I will be shifting to Dubai and working in Jebel Ali FreeZone, I have been looking around for a one bedroom apartment and still did not make up my mind if to go ahead with Discovery Gardens or JLT?

I would love to stay in a clean, modern and cozy place.

What do you guys think?


----------



## Rutilius (Jan 22, 2011)

We would need more information than that to give you an opinion.


----------



## Dashti (Jun 13, 2011)

Rutilius said:


> We would need more information than that to give you an opinion.


What kind of information would you need? 

I will give you as much information as possible, if you can give me tips on the kind of stuff I have to look around for?


----------



## indoMLA (Feb 6, 2011)

Dashti said:


> What kind of information would you need?
> 
> I will give you as much information as possible, if you can give me tips on the kind of stuff I have to look around for?


Family or single?
High/Low floor
Amenities needed (gyms, shopping, playgrounds, etc.)
Have a car?
Your budget?

That sort of thing.


----------



## Dashti (Jun 13, 2011)

indoMLA said:


> Family or single?
> High/Low floor
> Amenities needed (gyms, shopping, playgrounds, etc.)
> Have a car?
> ...


I would prefer high floor (so i dont get a lot of noise and i guess its a better view)
I would prefer a gym, shopping and gorcery would be important.
Yes i do have a car
my budget ais around 40K/year


----------



## Tropicana (Apr 29, 2010)

Dashti said:


> I would prefer high floor (so i dont get a lot of noise and i guess its a better view)
> I would prefer a gym, shopping and gorcery would be important.
> Yes i do have a car
> my budget ais around 40K/year


you wont get high rises in Discovery gardens

But its hard to get 1 bed in JLT in 40, a decent 1 bed will set you back at least 45-50k


----------



## Dashti (Jun 13, 2011)

Tropicana said:


> you wont get high rises in Discovery gardens
> 
> But its hard to get 1 bed in JLT in 40, a decent 1 bed will set you back at least 45-50k


The apartments in Discovery garden i heard are much bigger...but the JLT lifestyle is more posh is that true?

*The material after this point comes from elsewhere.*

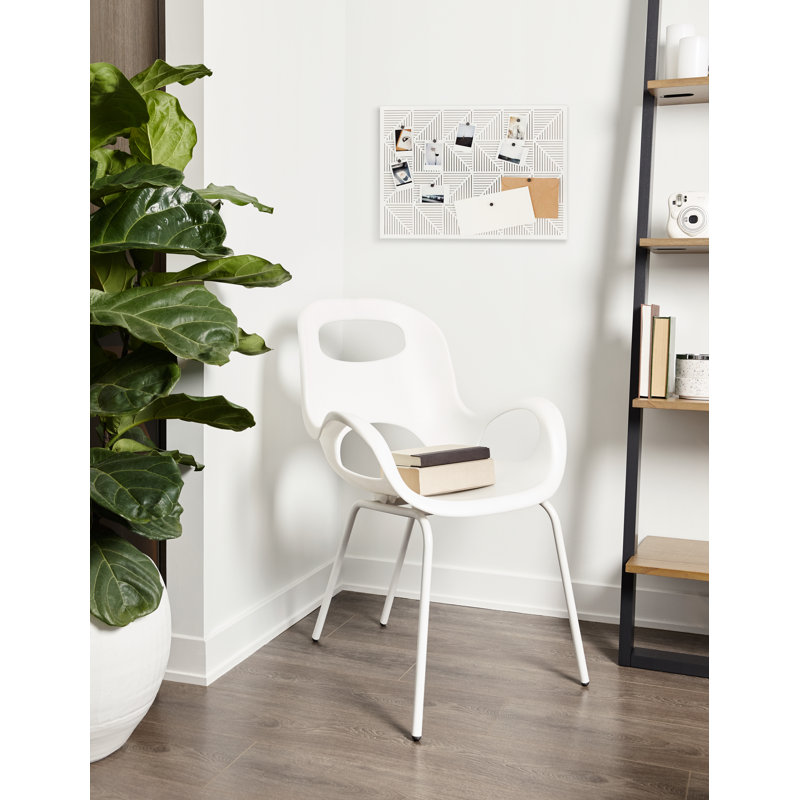 High White Metal Arm Chair with Nylon Feet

About Discovery Gardens is it okay to live in meaning will it make me live the Dubai dream?


----------



## dizzyizzy (Mar 30, 2008)

Dashti said:


> The apartments in Discovery garden i heard are much bigger...but the JLT lifestyle is more posh is that true?
> 
> About Discovery Gardens is it okay to live in meaning will it make me live the Dubai dream?

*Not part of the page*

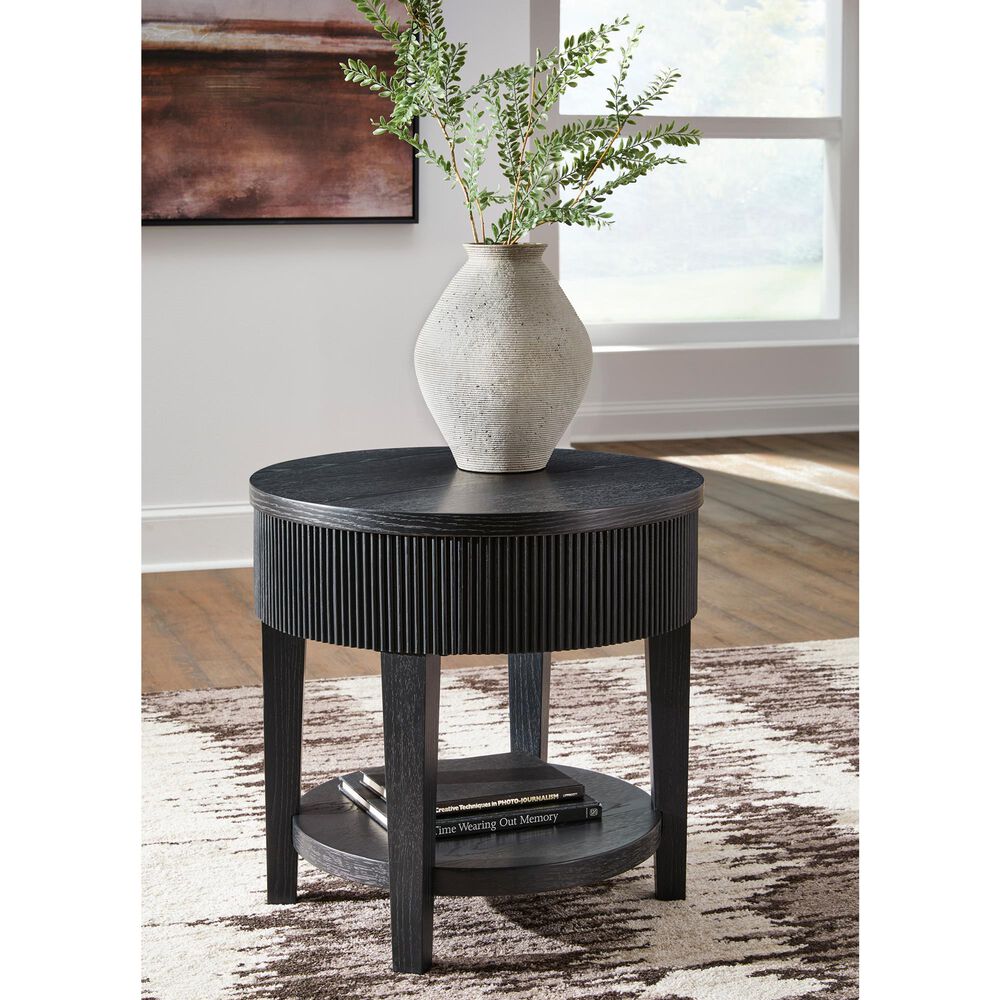 Ashley Marstream Round End Table in Dark Charcoal Black, , large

Neither JLT not Discovery are what I would call 'posh' but if those are your only choices I'd go for JLT.


----------



## Gavtek (Aug 23, 2009)

Some of the buildings in JLT are really nice and they're doing a lot of landscaping work in the area.

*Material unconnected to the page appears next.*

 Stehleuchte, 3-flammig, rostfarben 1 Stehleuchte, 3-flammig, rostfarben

Discovery Gardens is one big cesspit.


----------



## Dashti (Jun 13, 2011)

Gavtek said:


> Some of the buildings in JLT are really nice and they're doing a lot of landscaping work in the area.
> 
> Discovery Gardens is one big cesspit.


Okay! so what i understand is JLT will give me the better and higher quality libing style that I am looking for.

Do you have any agent recommendations?
Do the apartments come with frdige, oven etc?


----------



## indoMLA (Feb 6, 2011)

Have you been there before? Go and drive JLT as the only one entrance and exit bothers the crap out of me, but if the rent is cheap enough and the living is good, then I could overlook it (maybe).


----------